Homeowners, whether buying, building or renovating, are increasingly seeing the bathroom as part of the entire house, and configuring it accordingly.

“I think people are more sensitive about the use of space in their homes, and value the space they have much more than they used to,” says Nestor Infanzon, AIA, a White Rock Lake-area architect. “Even if they only have one bathroom, they want to use that space more efficiently and to make it as comfortable as possible.”

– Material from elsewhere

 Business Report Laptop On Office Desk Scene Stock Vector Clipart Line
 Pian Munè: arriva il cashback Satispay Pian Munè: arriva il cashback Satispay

And it’s not necessarily expensive to do that. Costs can run as high as $25,000 for a complete redo, say designers and contractors, but generally are less than $10,000 and can sometimes be as little as one-half of that. These changes include:

  • Bigger, roomier showers. Traditionally, showers are three feet wide. Redesigned showers often are four to five feet wide, with a bench – or even two benches, rectangular or triangular – and sometimes a whirlpool in the extra space (although double tubs and shower stalls still get a lot of attention). Politz reports that hand-held nozzles, in addition to overhead nozzles, are becoming more common.
  • User-friendly sinks and cabinets. The traditional mirrored cabinet is gone, replaced by drawers. Pedestal sinks, which remain popular, come in different sizes and often are scaled to fit the size of that bathroom. And if the room and budget are large enough, people are opting for two sinks. Fixtures tend to be of the nickel and antique pewter variety.
  • Stone and stone-like countertops. Forget about white ceramic tile. The gray, marble look is becoming increasingly popular, even when the surface isn’t made of marble. Not only are stone surfaces more affordable than ever, but a host of attractive stone-like surfaces (made from ceramics) are even less expensive.
  • Improved lighting and color schemes. “Since so many people want to make the bathroom more personal, they are much more concerned with light and color,” Infanzon says. “They are looking at both more ergonomically.”

That attitude translates into softer lighting and colors, a more contemporary look instead of the harsh glare and whites common in classic bathroom design. In fact, Infanzon says it’s even possible to light a bathroom for its uses – one approach for the sink, another for the shower.

“What it comes down to in the end, as always,” Infanzon says, “is the individual, the house and the budget. But there are also more opportunities in the bathroom than ever before.”